The auctioneers managed expectations with reserves sensitive to market realities, but it helped too that, from Wood family models to Wedgwood dry bodied wares, these were well-chosen examples of classic British pottery.

“Not everything was free of damage but these were good-looking examples that displayed well. Offered at the right kind of estimates, that is what people seem to want,” said Sandon. The selling rate was over 90%.

The selection of Whieldon-type wares – perhaps the best group at auction since the Sampson Horne sale in 2010 – was particularly well-received.

Sold at the top end of a £3000-5000 estimate was a hexagonal teapot and cover c.1765-70 with chinoiserie vignettes borrowed from George Edwards’ and Matthias Darly’s New Book of Chinese Designs, first published in London in 1754.

Similar wasters have been excavated at Thomas Whieldon’s factory site in the area of Staffordshire once known as Fenton Vivian. Another teapot of this type was sold by Bonhams in December 2012 as part of the Tom Walford collection for £3000.

A Staffordshire agate ware teapot featuring three paw feet with lion mask terminals and a lion finial sold for £3200 was perhaps also from Fenton Vivian. A hexagonal teapot formed as crisply moulded vine leaves and stems which made £4800 (estimate £2000-3000).

The selection of toby jugs mixing relatively common models with occasional rarities performed robustly – boding well for an important private collection Bonhams will offer for sale in November.

A pearlware Dick Whittington jug, c.1785 sold for £4500 (estimate £1500-3000). Unusually for a toby jug, this 6in (15cm) model was created without a handle with the figure probably based upon the parson in the well-known Tithe Pig group. Here he holds a cat instead of a pig or baby.

It is deemed exceptionally rare, although there were two in the sale: another with more substantial condition issues took £2200.

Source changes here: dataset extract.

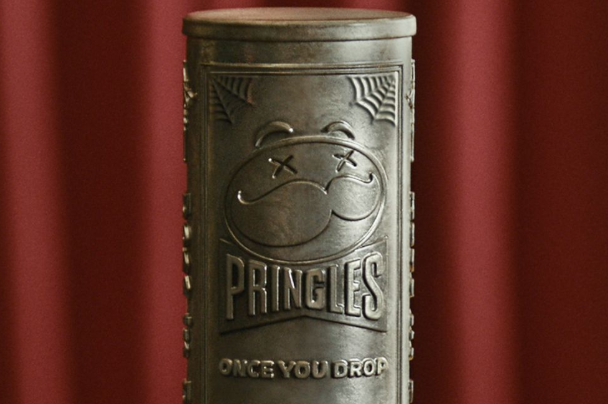 Pringles Death Can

A large number of Yorkshire Prattware models, c.1810-20 were topped at £4500 (estimate £2000- 3000) by the 9in (23cm) figure of a horse and rider of a type associated with an as-yet undetermined factory dubbed the ‘Pottery that used a Large Crown Mark’. Two related models were sold by Bonhams in May 2013 for £3300 and £3000 so again this appeared a relatively strong price.

A pair of Prattware elephants, each carrying a Gothic turret to be used as a money box, sold at the top end of a £3000-5000 estimate. When sold by Phillips in 1994, they were provenanced to the family of Miss Lucy T Aldrich, sister of the American ambassador to London, 1852-56.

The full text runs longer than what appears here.